Work instructions:
Without any pictures, output the records exactly as they are.

Records for this exercise below:

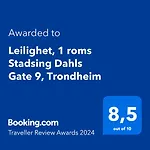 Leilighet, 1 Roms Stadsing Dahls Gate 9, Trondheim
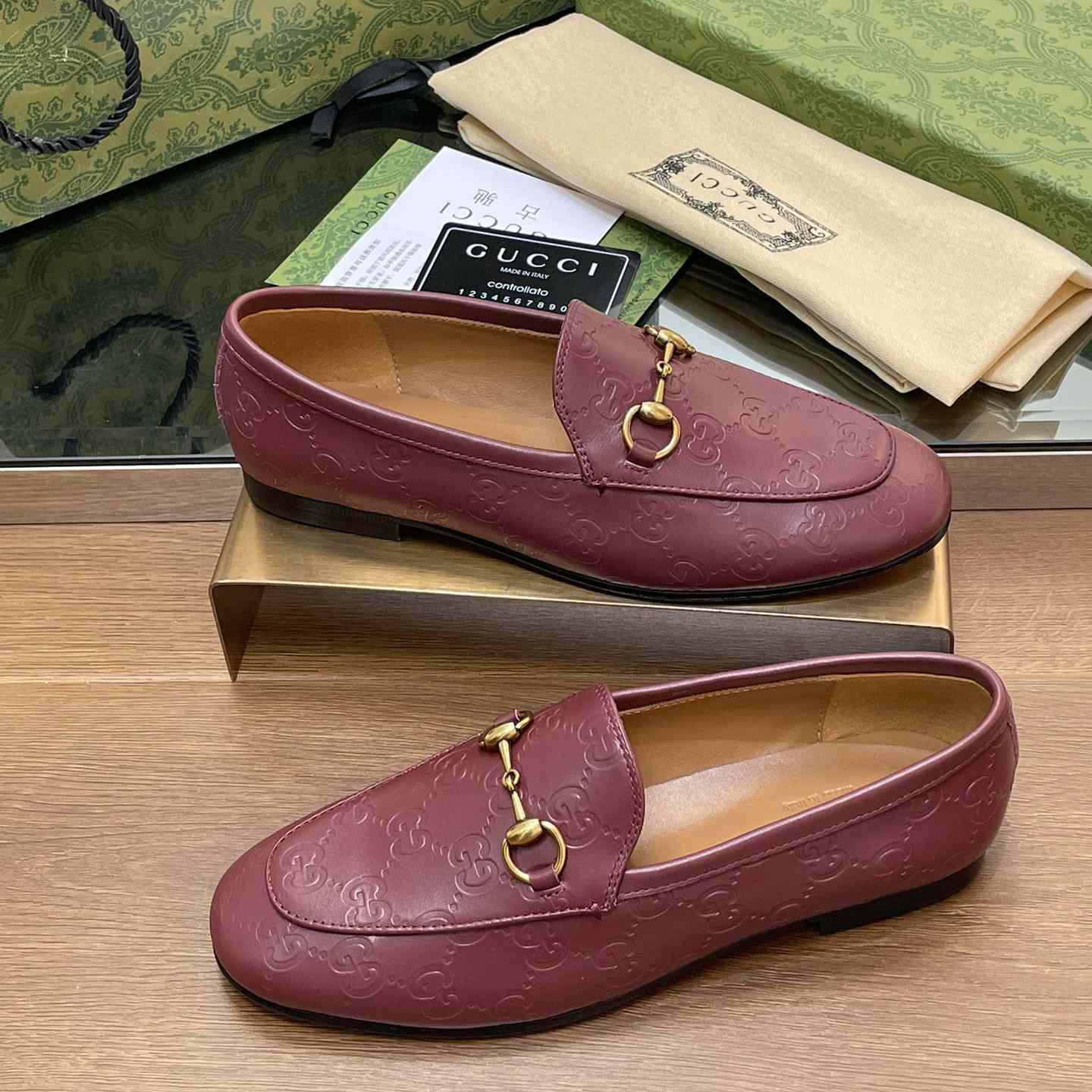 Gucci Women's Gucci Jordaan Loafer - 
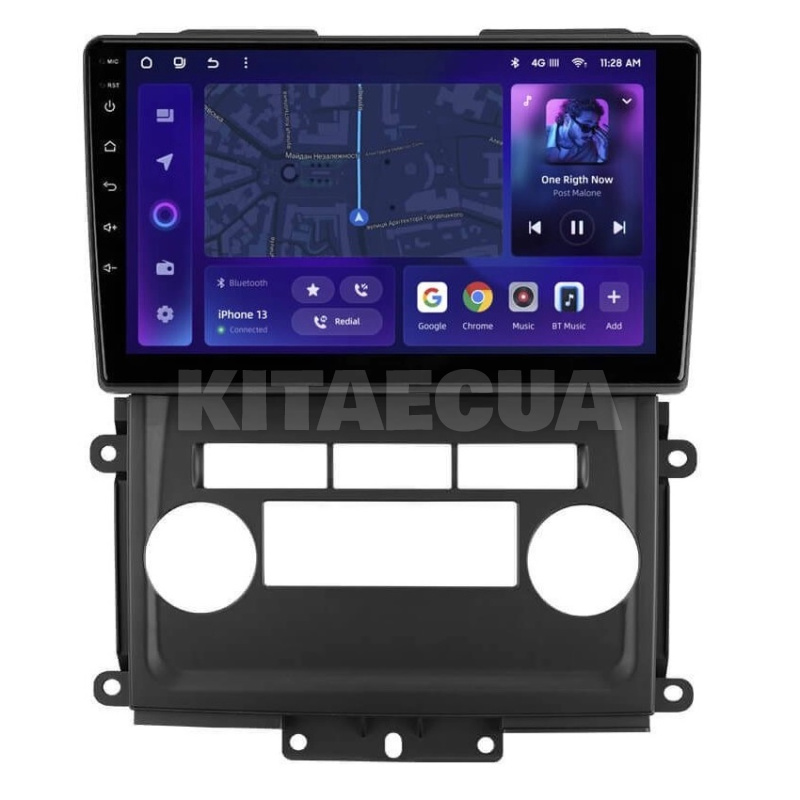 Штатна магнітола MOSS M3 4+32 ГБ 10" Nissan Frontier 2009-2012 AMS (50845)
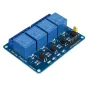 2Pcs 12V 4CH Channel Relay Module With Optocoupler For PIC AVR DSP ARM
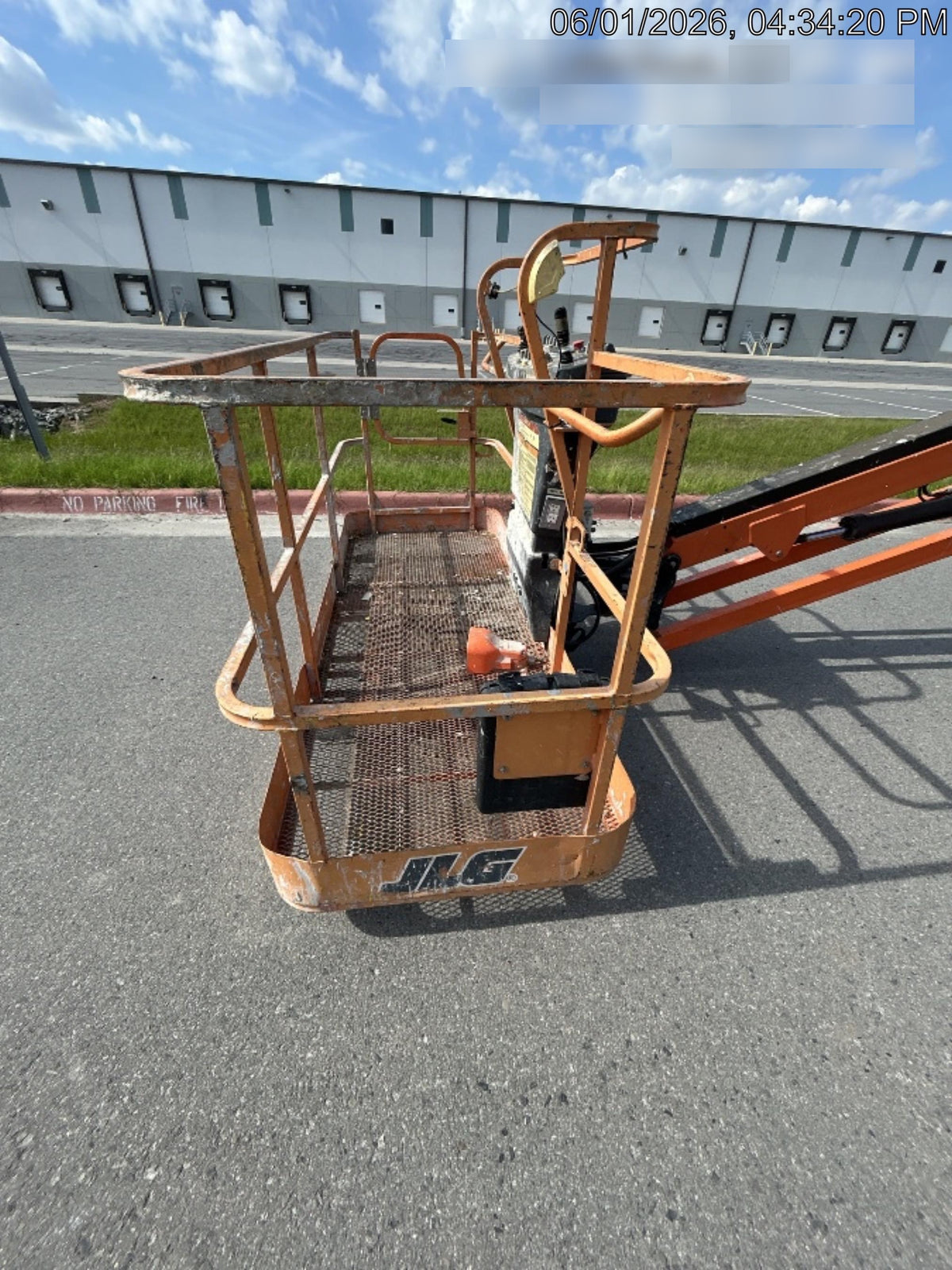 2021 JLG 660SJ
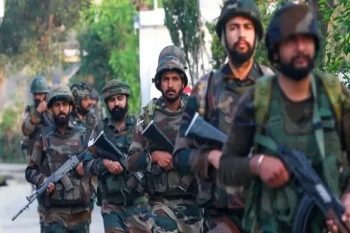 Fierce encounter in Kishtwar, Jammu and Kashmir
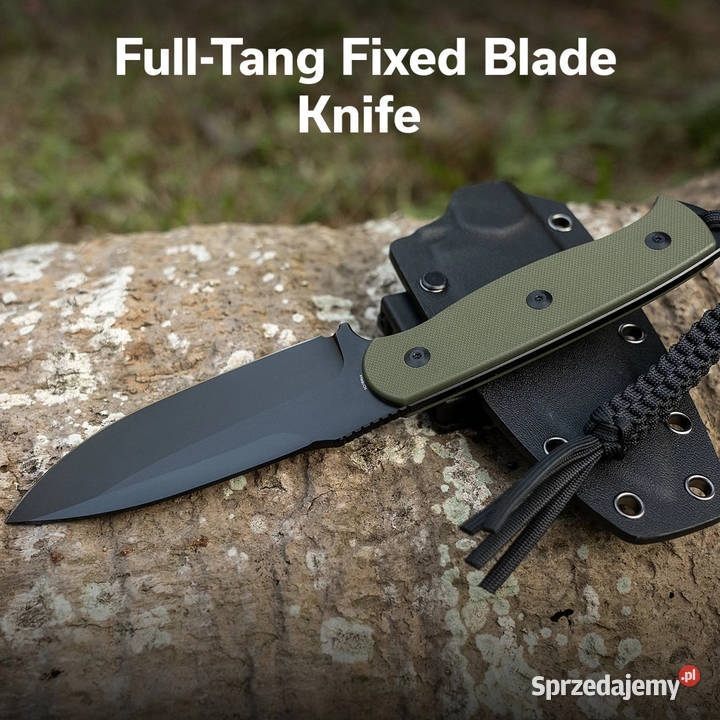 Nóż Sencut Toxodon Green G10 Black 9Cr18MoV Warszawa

End of Records for this exercise.

Output:
 Leilighet, 1 Roms Stadsing Dahls Gate 9, Trondheim
 Gucci Women's Gucci Jordaan Loafer - 
 Штатна магнітола MOSS M3 4+32 ГБ 10" Nissan Frontier 2009-2012 AMS (50845)
 2Pcs 12V 4CH Channel Relay Module With Optocoupler For PIC AVR DSP ARM
 2021 JLG 660SJ
 Fierce encounter in Kishtwar, Jammu and Kashmir
 Nóż Sencut Toxodon Green G10 Black 9Cr18MoV Warszawa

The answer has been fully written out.